By attacking Travellers late in the presidential campaign, Peter Casey got media organisations to give him a vast amount of free publicity.
Casey went from being one of the lower-polling candidates to win 23 percent of the vote in the election, finishing second after incumbent Michael D. Higgins, who was reelected with nearly 56 percent of the votes.
The scenario echoes Trump’s 2016 election bid, when repeatedly trafficked hateful attacks and outrageous lies earned him wall-to-wall news coverage.
An examination of 513 articles published from 1 October to 26 October in nine popular online Irish titles showed that coverage of the Irish presidential race grew, as expected, as polling day edged closer.
In the early days, candidates first set out stalls. There were questions about expenses and a few pot shots at Higgins. Besides coverage of candidates, a few other themes emerged: mostly, information about where to watch debates and voting explainers.
When you take out such general coverage and focus on coverage of candidates during the period (448 articles), one stands out.
On Tuesday 16 October 2018, Casey denied that Travellers are an ethnic minority – despite the state’s recognition of them as such – on the Irish Independent‘s The Floating Voter podcast. He followed that up with several other derogatory comments about the community.
That storyline was from that moment a fixture of the campaign. It appeared in multiple online articles, across social media, and in radio and television debates.
Before that point, articles about Casey had focused on how much the millionaire would spend in the election, and the odd dig at President Michael D. Higgins or his dogs. After that, coverage ramped up. When Casey said he was thinking of leaving the race, it kicked off another news cycle.

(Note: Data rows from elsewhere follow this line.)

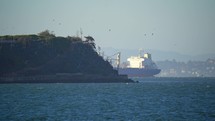 Container Ship Passing Behind Alcatraz Island in San Francisco Bay, California	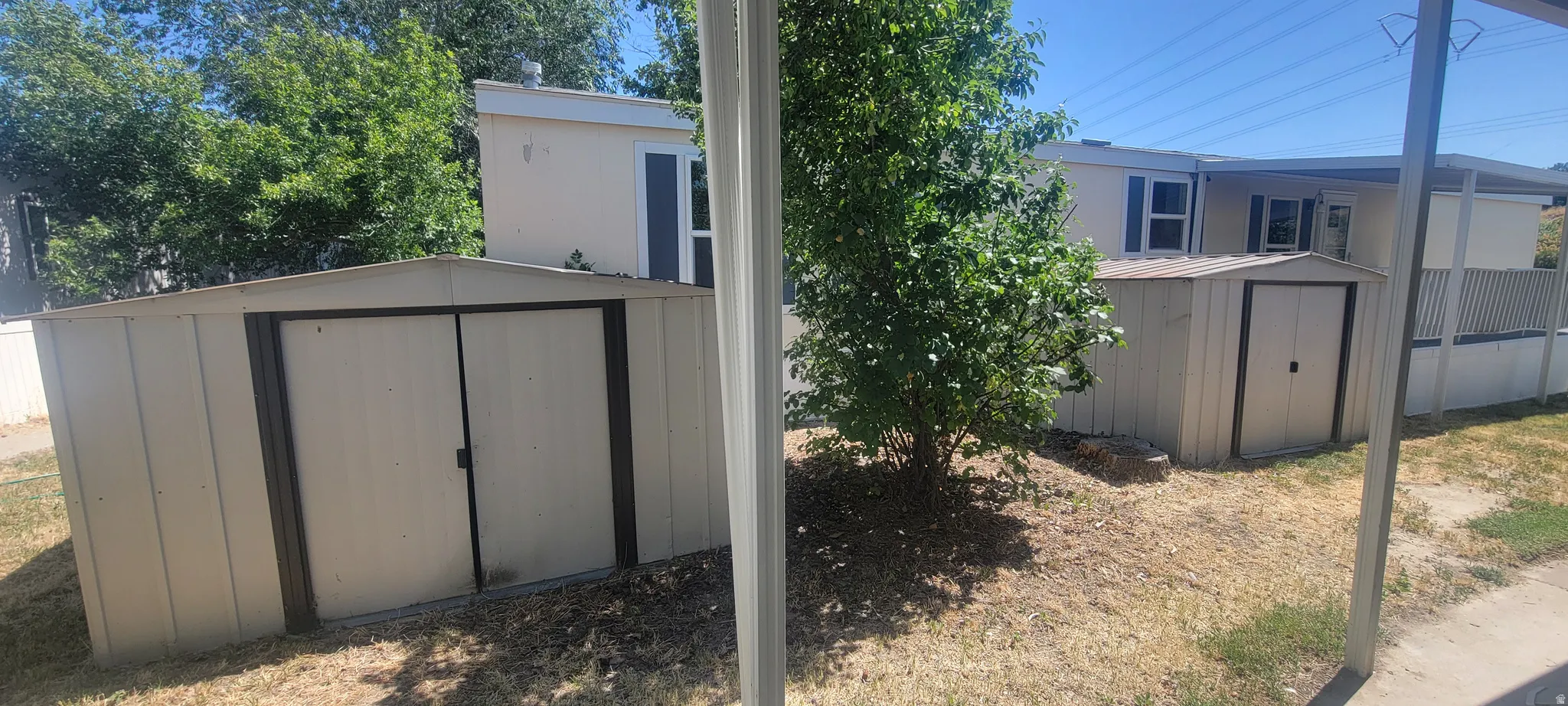 Two detached storage sheds featuring double doors and corrugated metal siding
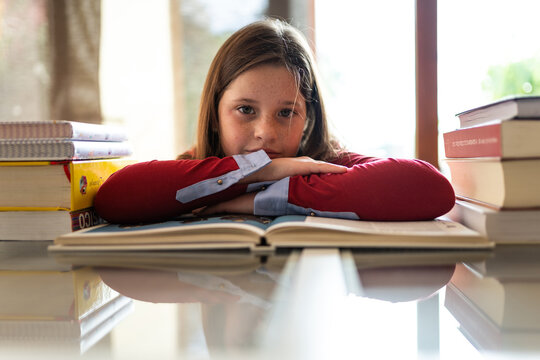 Cute diligent girl sitting at table leaning on arms near pile of textbooks and looking at camera while doing homework assignment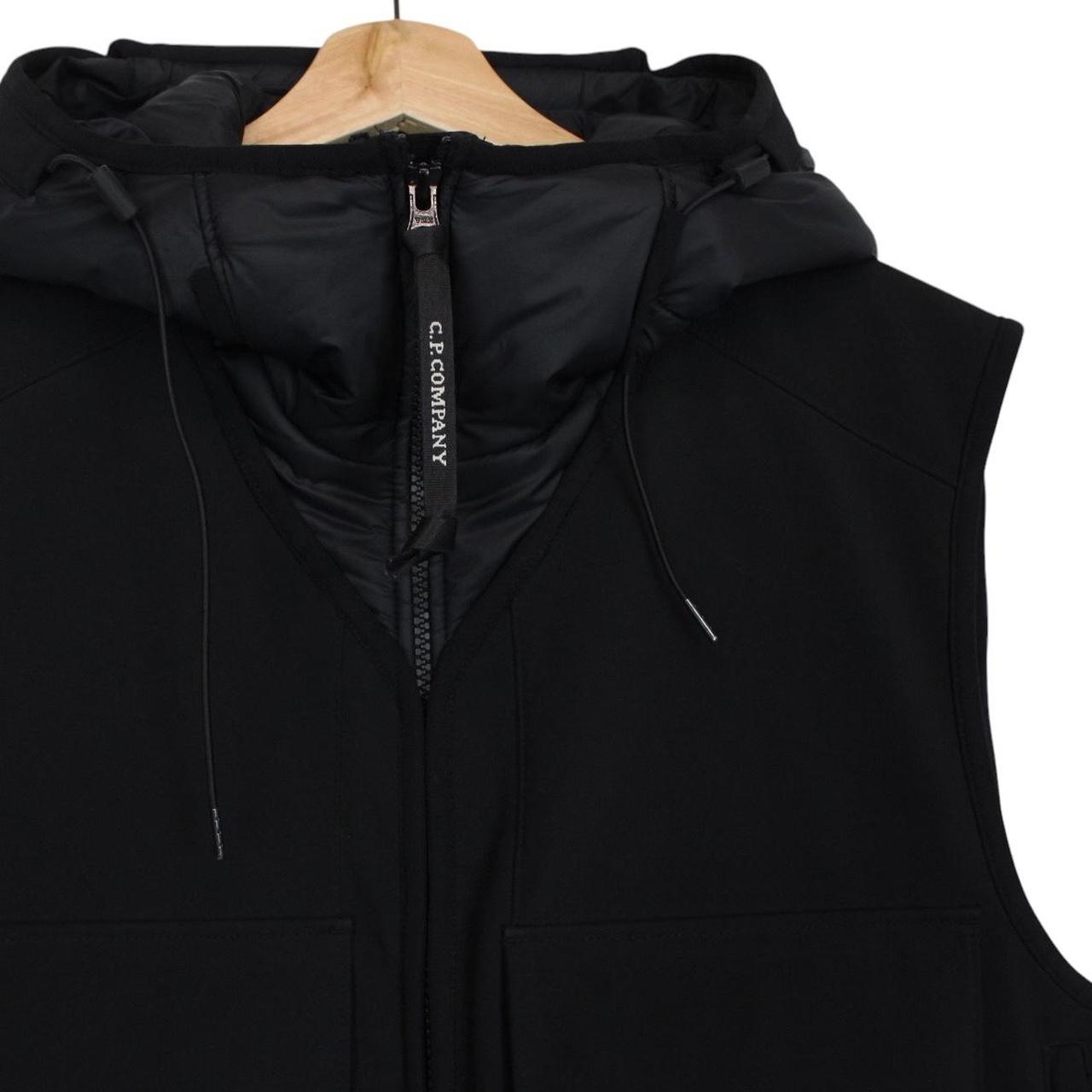 CP Company black goggle gilet with logo detail and shell material.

From the second week of October, to the third week of October, Casey grew from one of the least covered candidates, to the single most covered, this data suggests.
Should the Irish media have given Casey so much coverage?
Yes, a presidential candidate expressing harmful views about an ethnic minority and criticising government policy is newsworthy.
But how should the media balance the need to report such this public-interest story, against the dangers of amplifying such problematic discourse?
According to a recent study of US journalism by Whitney Phillips, “The Oxygen of Amplification: Better Practices for Reporting on Extremists, Antagonists and Manipulators“, among the impacts of reporting on problematic speech that journalists weigh up are: the increased likelihood of harassment, promoting more disinformation that further pollutes the information environment, giving more problematic personalities a hook to promote their message, and the risk of normalising harmful language.
The same study also found that when journalists consider not reporting on something, this is regarded as equally problematic, and even unethical. Also, omission fails to address a critical, public-interest issue and can omit the views of those harmed from the discourse.
So, it’s a tough balance. But journalists need to think these things through, and are forced to make these choices.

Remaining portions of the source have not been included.